Upon release, “Stayin’ Alive” climbed the charts to hit the number one spot on the Billboard Hot 100 the week of 4 February 1978, remaining there for four weeks. In the process, it became one of the band’s most recognisable tunes, in part because of its place at the beginning of Saturday Night Fever. In the US, it would become the second of six consecutive number-one singles, tying the record with the Beatles for most consecutive number ones in the US at the time (a record broken by Whitney Houston who achieved seven consecutive number-ones).

Baby Come Back (Player song)

“Baby Come Back” is a song recorded by the American rock band Player. It was released in late 1977 as the first single from their self-titled first studio album. The song was their biggest single, hitting number one on the Billboard Hot 100 and number 10 on the soul charts, in 1978. It was the breakthrough single for the band, gaining them mainstream success, and hit number one, knocking label-mates The Bee Gees’ “How Deep Is Your Love” from the top spot. Written by lead singer Peter Beckett and J.C. Crowley, the founders of Player, and sung by Beckett, it is listed 8th in the Top Ten Yacht Rock Songs Of All Time.

How Deep Is Your Love (Bee Gees song)

“How Deep Is Your Love” is a pop ballad written and recorded by the Bee Gees in 1977 and released as a single in September. It was ultimately used as part of the soundtrack to the film Saturday Night Fever. It was a number three hit in the United Kingdom and Australia. In the United States, it topped the Billboard Hot 100 on 24 December 1977 (becoming the first of six consecutive US number-one hits) and stayed in the Top 10 for a then-record 17 weeks. The single spent six weeks atop the US adult contemporary chart. It is listed at number 22 on the 55th anniversary edition of Billboard’s All Time Top 100.[1] Alongside “Stayin’ Alive” and “Night Fever”, it is one of the group’s three tracks on the list. The song was covered by Take That for their 1996 Greatest Hits album, reaching number-one on the UK Singles Chart for three weeks.[2]

“How Deep Is Your Love” ranked number 375 on Rolling Stone’s list of the 500 Greatest Songs of All Time. In a British TV special shown in December 2011, it was voted “The Nation’s Favourite Bee Gees Song” by ITV viewers.[3] The song set a record by accumulating 33 weeks in one chart run. It was originally intended for Yvonne Elliman, but she later recorded “If I Can’t Have You” instead.[4]
During the Bee Gees’ 2001 Billboard magazine interview, Barry reportedly said that “How Deep Is Your Love” was his favorite Bee Gees song.[5]

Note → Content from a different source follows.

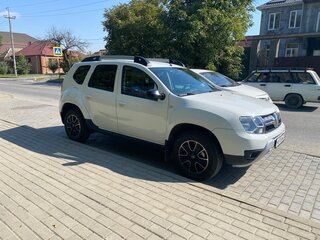 2016 Renault Duster I Рестайлинг, белый, 950000 рублей, вид 1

Besides being used in Saturday Night Fever, the song has also been featured in other films such as Donnie Brasco, Ready to Rumble, Forever Fever, Tongan Ninja, Anger Management, Adam’s Apples, Disco, and Sex and the City. It’s also used in television shows such as Get a Life, Ballykissangel, Marienhof, You Are The One, Two Faces, Nip/Truck, The Simpsons, and Parenthood.